The sides 22s of spring fingers 22 are shaped so as to abut against each other in the transition region 22t. Furthermore, slots 24 are formed in each of the transition regions 22t, preferably equidistant between sides 22s, and extending from the base region 22b outwardly towards free end 22f. These slots are closed slots and are in addition to the channels or spaces 24s formed between adjacent fingers. The slots 24 each have sides shaped generally similar to the shape of the adjacent sides 22s of fingers 22. In the specific arrangement illustrated in the drawing, the sides of slots 24 are curved and are formed as minor segments of two relatively large equal radius intersecting circles, the ends of the slots 24 being the intersections of the circles. Various alternative configuration of slots 24 and spring fingers 22 may also be employed as will appear from the following description.

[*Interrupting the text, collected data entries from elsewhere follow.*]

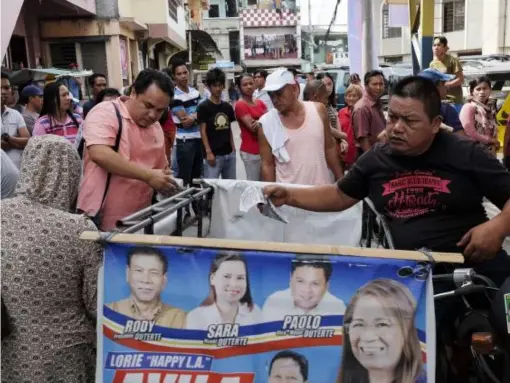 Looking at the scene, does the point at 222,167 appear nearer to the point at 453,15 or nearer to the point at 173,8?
the point at 173,8

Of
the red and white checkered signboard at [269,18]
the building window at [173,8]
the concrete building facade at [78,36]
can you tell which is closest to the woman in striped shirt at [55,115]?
the concrete building facade at [78,36]

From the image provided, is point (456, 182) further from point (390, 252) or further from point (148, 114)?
point (148, 114)

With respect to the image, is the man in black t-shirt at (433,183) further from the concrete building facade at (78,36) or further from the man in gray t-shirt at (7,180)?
the concrete building facade at (78,36)

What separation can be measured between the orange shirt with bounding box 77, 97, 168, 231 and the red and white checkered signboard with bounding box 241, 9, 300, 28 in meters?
51.7

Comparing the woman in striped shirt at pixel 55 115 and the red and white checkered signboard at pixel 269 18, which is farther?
the red and white checkered signboard at pixel 269 18

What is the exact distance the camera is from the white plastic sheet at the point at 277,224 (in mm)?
3414

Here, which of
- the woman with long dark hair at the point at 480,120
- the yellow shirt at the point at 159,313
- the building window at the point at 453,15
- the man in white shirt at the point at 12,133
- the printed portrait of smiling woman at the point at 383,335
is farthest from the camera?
the building window at the point at 453,15

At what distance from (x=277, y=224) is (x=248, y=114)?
308 centimetres

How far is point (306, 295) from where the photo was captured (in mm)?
1954

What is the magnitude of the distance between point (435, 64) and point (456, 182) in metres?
4.90

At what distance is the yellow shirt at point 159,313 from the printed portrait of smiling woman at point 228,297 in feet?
0.20

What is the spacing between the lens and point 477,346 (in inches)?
79.3

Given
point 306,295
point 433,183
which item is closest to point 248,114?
point 433,183

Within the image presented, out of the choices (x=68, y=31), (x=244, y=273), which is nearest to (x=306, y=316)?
(x=244, y=273) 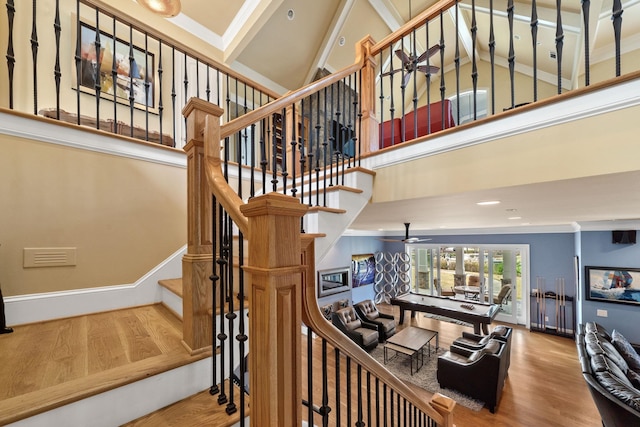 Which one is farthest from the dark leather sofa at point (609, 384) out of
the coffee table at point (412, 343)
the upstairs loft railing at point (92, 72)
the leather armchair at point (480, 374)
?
the upstairs loft railing at point (92, 72)

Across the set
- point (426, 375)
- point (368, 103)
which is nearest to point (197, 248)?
point (368, 103)

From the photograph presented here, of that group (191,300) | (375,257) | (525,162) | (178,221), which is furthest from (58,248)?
(375,257)

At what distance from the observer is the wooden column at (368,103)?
7.72ft

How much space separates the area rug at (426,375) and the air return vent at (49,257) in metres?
4.82

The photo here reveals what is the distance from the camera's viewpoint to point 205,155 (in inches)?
47.0

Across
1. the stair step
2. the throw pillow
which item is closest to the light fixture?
the stair step

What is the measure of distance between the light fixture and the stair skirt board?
2861 millimetres

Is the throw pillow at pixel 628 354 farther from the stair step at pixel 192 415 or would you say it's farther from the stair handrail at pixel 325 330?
the stair step at pixel 192 415

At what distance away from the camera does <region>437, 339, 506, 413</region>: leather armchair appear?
3.65m

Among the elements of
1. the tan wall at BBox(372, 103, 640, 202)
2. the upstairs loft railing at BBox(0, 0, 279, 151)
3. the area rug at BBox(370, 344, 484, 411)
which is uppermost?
the upstairs loft railing at BBox(0, 0, 279, 151)

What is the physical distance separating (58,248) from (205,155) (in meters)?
1.41

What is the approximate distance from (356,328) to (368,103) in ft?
16.7

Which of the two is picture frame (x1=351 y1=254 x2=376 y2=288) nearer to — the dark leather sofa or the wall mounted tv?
the dark leather sofa

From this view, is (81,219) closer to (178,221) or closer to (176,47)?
(178,221) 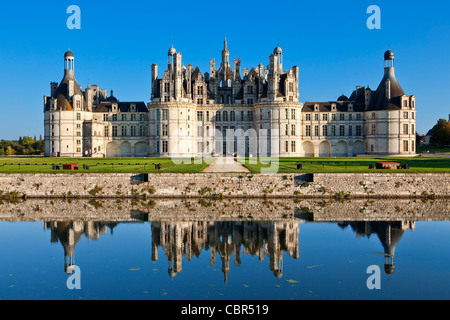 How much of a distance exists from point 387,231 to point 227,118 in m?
51.0

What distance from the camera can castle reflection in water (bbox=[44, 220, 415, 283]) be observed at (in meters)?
18.2

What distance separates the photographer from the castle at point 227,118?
6806cm

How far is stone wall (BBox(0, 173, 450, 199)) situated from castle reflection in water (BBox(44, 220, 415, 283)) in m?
9.14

Referring to FIGS. 6-11, the socket member 17 is constructed according to the present invention in the following manner. A sheet of appropriate material (e.g., "Pintong") is stamped in the shape shown in FIG. 6 to provide four spring fingers 22 joined at base portion 20. Central aperture 18 and slots 24 are then stamped, cut or punched from the flat blank of FIG. 6. Score or fold lines 26, 28 and 30, corresponding, respectively, to the perimeter of circular base portion 20, a line approximately midway between the ends of each of slots 24 forming the ribs 24r and a line defining the inner end of a stem engaging tab 32 located at the extremities of each of free ends 22f, may be impressed upon the inside surface of socket member 17 (see FIG. 8).
The blank is thereafter formed into the final shape of FIGS. 1-3 by bending the stem engaging tab 32 inwardly, forming the recessed base portion 20, forming the spring fingers 22 to the partially closed shape shown in FIG. 11 and, finally, closing the spring fingers 22 so that the sides 22s abut throughout the major portion of their length (see FIG. 1) while, at the same time, the stem engaging tabs 32 form an appropriately sized hole for engagement with stem 16 (see FIG. 5).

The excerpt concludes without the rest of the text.